Data excerpts —
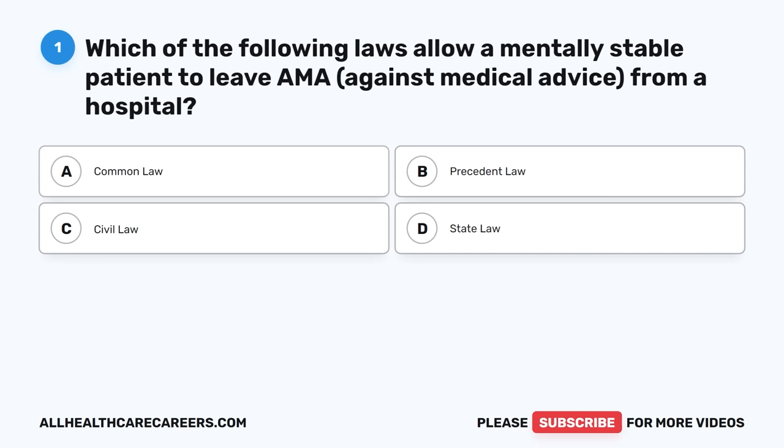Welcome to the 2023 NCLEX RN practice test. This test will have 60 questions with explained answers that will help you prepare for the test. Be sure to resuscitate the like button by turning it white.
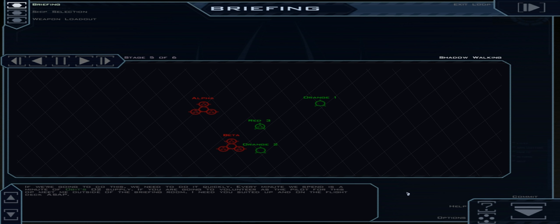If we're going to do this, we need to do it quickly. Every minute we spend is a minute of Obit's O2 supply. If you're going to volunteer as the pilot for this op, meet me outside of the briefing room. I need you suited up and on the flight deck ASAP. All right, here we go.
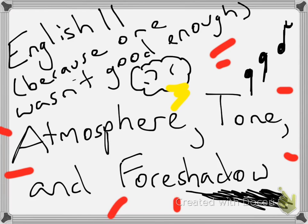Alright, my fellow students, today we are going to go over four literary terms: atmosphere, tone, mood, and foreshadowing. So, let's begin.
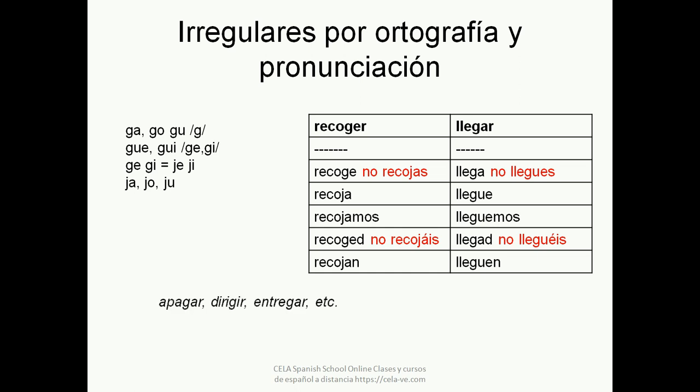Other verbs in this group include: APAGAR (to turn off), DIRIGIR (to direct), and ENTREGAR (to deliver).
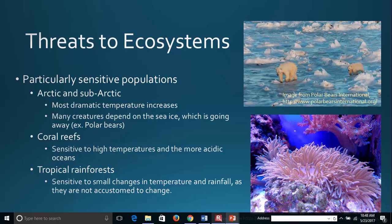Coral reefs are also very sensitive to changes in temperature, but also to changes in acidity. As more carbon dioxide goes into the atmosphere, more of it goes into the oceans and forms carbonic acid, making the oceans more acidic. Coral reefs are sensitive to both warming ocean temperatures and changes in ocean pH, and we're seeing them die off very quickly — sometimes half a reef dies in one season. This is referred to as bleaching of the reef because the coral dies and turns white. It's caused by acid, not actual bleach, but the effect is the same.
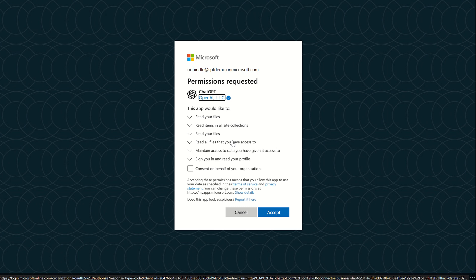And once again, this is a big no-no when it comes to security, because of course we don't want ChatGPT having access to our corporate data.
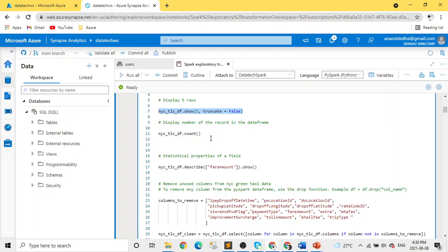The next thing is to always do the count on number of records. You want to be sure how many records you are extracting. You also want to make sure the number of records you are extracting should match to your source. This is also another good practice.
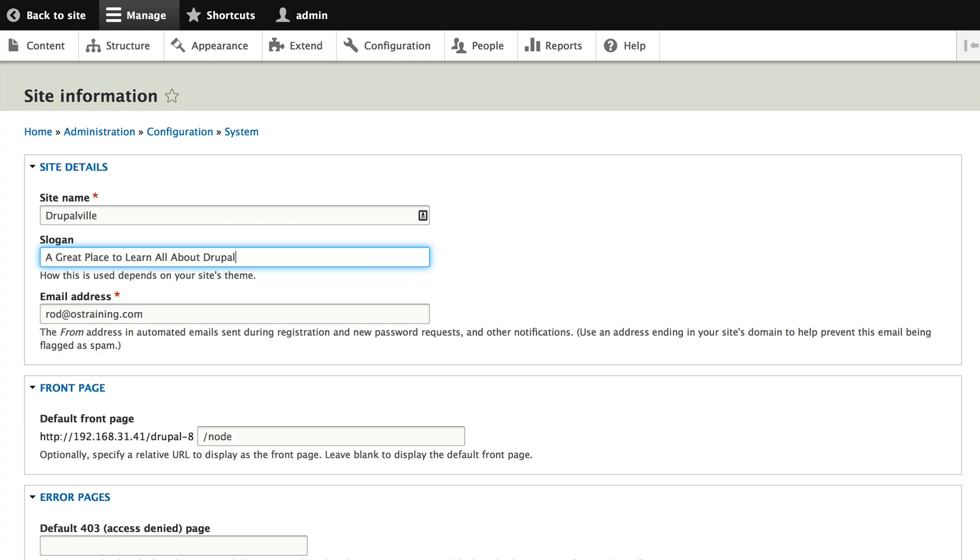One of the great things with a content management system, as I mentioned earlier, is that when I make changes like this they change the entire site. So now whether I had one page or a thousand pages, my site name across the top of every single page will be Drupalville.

Assignment — Set down all the entries above verbatim, and include none of the pictures.

Response area —
Welcome to the 2023 NCLEX RN practice test. This test will have 60 questions with explained answers that will help you prepare for the test. Be sure to resuscitate the like button by turning it white.
If we're going to do this, we need to do it quickly. Every minute we spend is a minute of Obit's O2 supply. If you're going to volunteer as the pilot for this op, meet me outside of the briefing room. I need you suited up and on the flight deck ASAP. All right, here we go.
Alright, my fellow students, today we are going to go over four literary terms: atmosphere, tone, mood, and foreshadowing. So, let's begin.
Other verbs in this group include: APAGAR (to turn off), DIRIGIR (to direct), and ENTREGAR (to deliver).
Coral reefs are also very sensitive to changes in temperature, but also to changes in acidity. As more carbon dioxide goes into the atmosphere, more of it goes into the oceans and forms carbonic acid, making the oceans more acidic. Coral reefs are sensitive to both warming ocean temperatures and changes in ocean pH, and we're seeing them die off very quickly — sometimes half a reef dies in one season. This is referred to as bleaching of the reef because the coral dies and turns white. It's caused by acid, not actual bleach, but the effect is the same.
And once again, this is a big no-no when it comes to security, because of course we don't want ChatGPT having access to our corporate data.
The next thing is to always do the count on number of records. You want to be sure how many records you are extracting. You also want to make sure the number of records you are extracting should match to your source. This is also another good practice.
One of the great things with a content management system, as I mentioned earlier, is that when I make changes like this they change the entire site. So now whether I had one page or a thousand pages, my site name across the top of every single page will be Drupalville.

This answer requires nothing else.